KFC UK & Ireland saw a 14% year-over-year increase in Google Maps direction clicks — across more than 1,000 locations — and Jaime attributes a significant portion of that growth to the launch of a dedicated review management team.

Before this initiative, reviews were largely going unanswered. Once the team was in place, both existing customers (who felt heard when they raised issues) and new customers (who saw that the brand actively engaged with feedback) responded positively.

For any multi-location brand, this is a powerful case study in the connection between reputation management and measurable business outcomes. Direction clicks are one of the strongest intent signals in local search — a customer requesting directions is one step away from walking through the door. The fact that review response alone correlated with a 14% lift in that signal underscores why review management at scale should be a top priority for every location-based brand.
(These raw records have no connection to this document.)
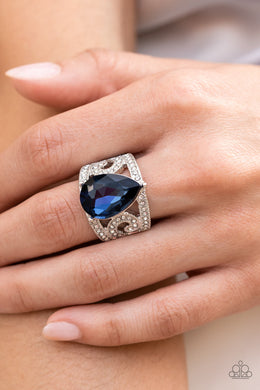 Kinda a Big Deal - Blue Rhinestone Ring Paparazzi Accessories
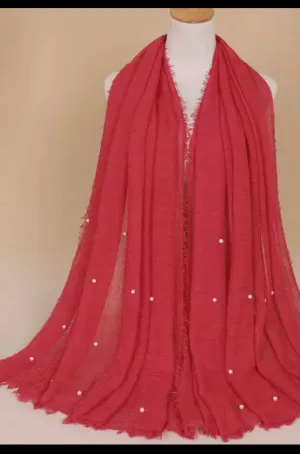 Crinkle Cotton Hijab with Pearl- Red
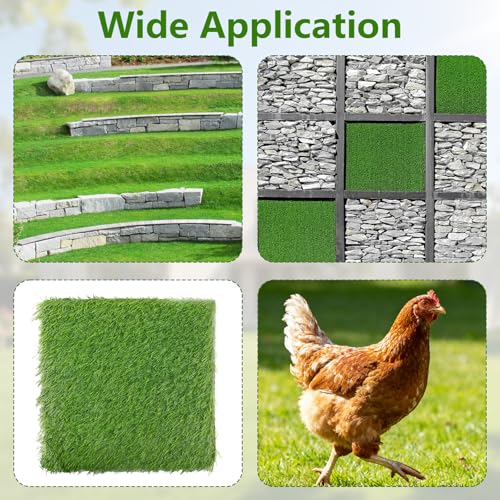 12Pack Chicken Nesting Pads, 12'x12' Nesting Box Pads Artificial Grass Washable Chicken Coop Bedding Laying Rug Fake Turf Mats Grass Carpet Garden Lawn for Hen & Small Pets (12PCS)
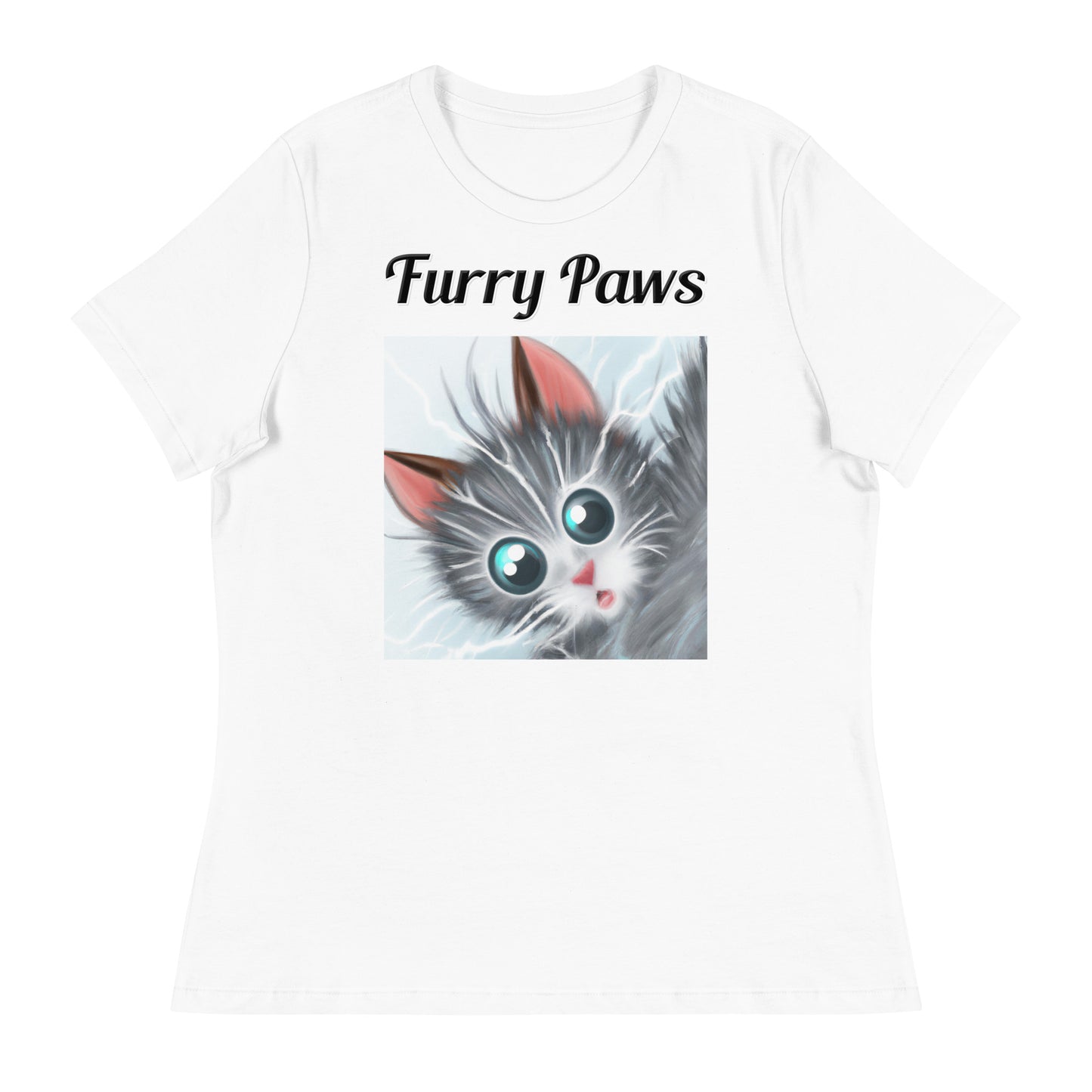 Women's White T-Shirt with text Surprised Gray Kitten with a text "Furry Paws" at $25.97 found at Personalizedpetlovergifts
Balancing Traditional and Social Spend

“In terms of spend, traditional gets the most resources because of the cost. But then in terms of effort and the campaigns, I think they’re pretty much balanced. And social is our most efficient one.” — Jaime Arribas

Jaime offers a candid look at how KFC UK allocates marketing budget. Traditional channels (TV, billboards, radio) command the largest share of spend because of their higher costs, but social media delivers the most efficient returns — more exposure, more shares, and more engagement per pound spent. Every major traditional campaign has a corresponding social component, but some campaigns are designed exclusively for social, particularly when the product and audience align with digital-first consumption.

For multi-location brands managing local social media alongside broader campaigns, KFC’s model is instructive: Social is not a secondary channel that mirrors what traditional does. It is the most efficient channel for reaching younger audiences and should be treated as a primary investment, with creative and strategy designed natively for each platform.
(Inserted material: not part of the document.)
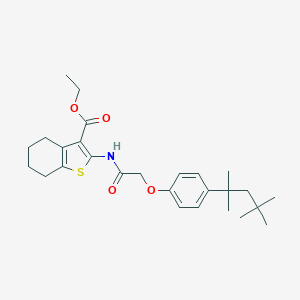 molecular formula C27H37NO4S B374231 Ethyl 2-({[4-(1,1,3,3-tetramethylbutyl)phenoxy]acetyl}amino)-4,5,6,7-tetrahydro-1-benzothiophene-3-carboxylate 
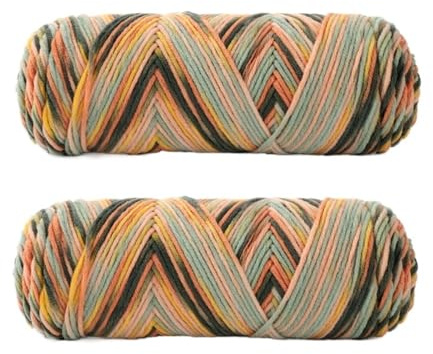 Crochet Yarn 2 PCs Colorful 5-Strand Dyed Milk Cotton Sweater Yarn Self Woven Scarf Medium Thick Handmade(07 Green Yellow)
Measuring ROI from Direction Clicks to Revenue

“We have created a basic algorithm taking into account the average order value, the clicks on directions — as that is showing an intent for the user to get to the restaurants — and we have that model so we can compare return on investment.” — Jaime Arribas

Jaime describes a two-track approach to measuring ROI.

For paid and social media, KFC works with an agency that has built a custom attribution model tracking new traffic, returning customers, and average order values. For organic location marketing — Google Maps, Apple Maps, listings — the team built its own model using direction clicks as the primary intent signal, combined with average order value data, to estimate revenue impact.
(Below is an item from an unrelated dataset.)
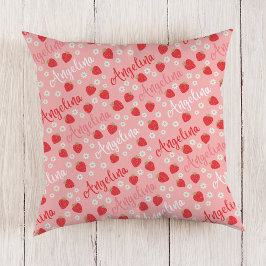 Rosa Erdbeere Individuelle Name Girls Pillow Kissen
This dual approach acknowledges a reality that many multi-location brands face: Paid channels have established attribution tools, but organic local performance requires custom measurement. Jaime’s model — connecting direction clicks to estimated revenue — provides a practical framework for any brand using analytics to justify local marketing investment to leadership.

AI-Driven Search Will Revolutionize Location Marketing

“AI-driven search I think will be a revolution on the way we approach location marketing because this kind of personalized experience, knowing about the customer — it’s not just a search with context. Those tools know a lot.” — Jaime Arribas

While acknowledging that the AI search landscape is evolving rapidly and unpredictably, Jaime sees AI-driven search as transformative for location marketing.

The key difference, he explains, is personalization at a depth that traditional search could never achieve. AI tools know enough about individual users to deliver hyperrelevant recommendations — and for brands, this means that the quality and consistency of information across all digital surfaces matters more than ever.

For QSR brands and multi-location businesses, Jaime’s perspective reinforces the need to ensure that every location’s data — hours, menus, promotions, reviews — is accurate and comprehensive across all listing platforms. As AI search becomes the primary discovery mechanism for consumers, the brands that have invested in location data management will be the ones AI recommends.